Carter’s Confederate captors marched him toward Confederate lines, but they did not make it over the Union breastworks. As the party approached the Union earthworks from the east side, the captors seemed unsure of their location. This delay helped Captain Carter. He saw three Union soldiers from the 100th Pennsylvania walking leisurely by at a distance of sixty yards. Calling over to them, he shouted, “Boys, I am a prisoner here!” The amused Pennsylvanians came over on a run, saying, “All right, Captain, we’ll save you.” Turning to the Virginia lieutenant, one of them said, “Lieutenant, what say you now? I guess the tables are turned. You are our prisoner.”

Crestfallen, the Confederate lieutenant said nothing but, “I surrender.”

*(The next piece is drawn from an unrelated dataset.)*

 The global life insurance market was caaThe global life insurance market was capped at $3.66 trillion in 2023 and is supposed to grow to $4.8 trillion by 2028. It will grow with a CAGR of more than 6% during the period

Gleeful, Carter grabbed the enemy flag and ran with it back to the Confederate regiment still trapped in the road cut. To get the Union artillerists to cease fire, Carter tried to get their attention by waving his sword at them. This caused him to drop the Confederate banner and trample it underfoot. The following account by Carter completed the narrative:

Throwing down the flag, I trampled upon it and waved my sword over my head. This had the desired effect. Our men rested their guns, but on the other hand my action had been watched by the Confederates from their works about 200 yards away. Incensed at the indignity to their colors they poured a most terrific fire in our direction, rendering our position as critical as before. I finally picked up the colors from the ground and started on a dead run with my prisoners for our works, being forced to go for sixty yards towards the enemy, and expose myself to their concentrated fire, before I reached the cover of our own works. The rebel regiment was shortly afterward brought in as prisoners by Hartranft’s men.

This is the only artistic depiction of Carter's action. It shows him stepping on the Virginia regiment's banner, while waving his sword at nearby Union artillery. There are a few inaccuracies in Carter's uniform and Dunn's Hill (the rise in the background) should not be so steep.
 
Here, I've mapped out the movements of Capt. Carter during his attempt to capture the mystery Virginia regiment. At this point, Union troops have retaken the earthworks around Fort Stedman. The 9th Corps artillery was off the map to the northeast.
 
Carter wrote this account many years after the war. His after-action report, which he completed two days after the Battle of Fort Stedman, he said nothing about the incident, except that he had taken an enemy flag. Carter’s modesty did not endure forever, and in the last decade of the nineteenth-century, he applied for a Medal of Honor, citing his actions at Fort Stedman as sufficient reason for recognition. On July 9, 1891, the War Department awarded him a Medal of Honor for “Captur[ing] the colors of the 51st Virginia Infantry (C.S.A.). During the battle he was captured and escaped bringing a number of prisoners with him.” At the time, he was forty-nine-years-old.

As delighted as Carter was to receive the award, he never made any claim that he had captured the mystery Virginia regiment single-handedly. Indeed, his account made it abundantly clear that he owed everything to the soldiers from the 100th Pennsylvania who rescued him when he was temporarily captured by the Virginia color-guard. Further, Carter he pointed out that the 9th Corps artillery on Dunn’s Hill had done the hard work, forcing the enemy regiment into hiding. Carter just happened to be the first one to approach the Confederate captain and request his surrender.

This story speaks to a universal truth about war. In general, war heroes rarely complete their acts of valor without a helping hand, and Carter’s account demonstrated that he benefited from plenty of assistance. Additionally, the confusing circumstances of battle caused the tables to turn minute-by-minute. At one point, Carter was the captor, then the captive, and then the captor again. The tables turned rapidly. In a general sense, that is the story of Fort Stedman.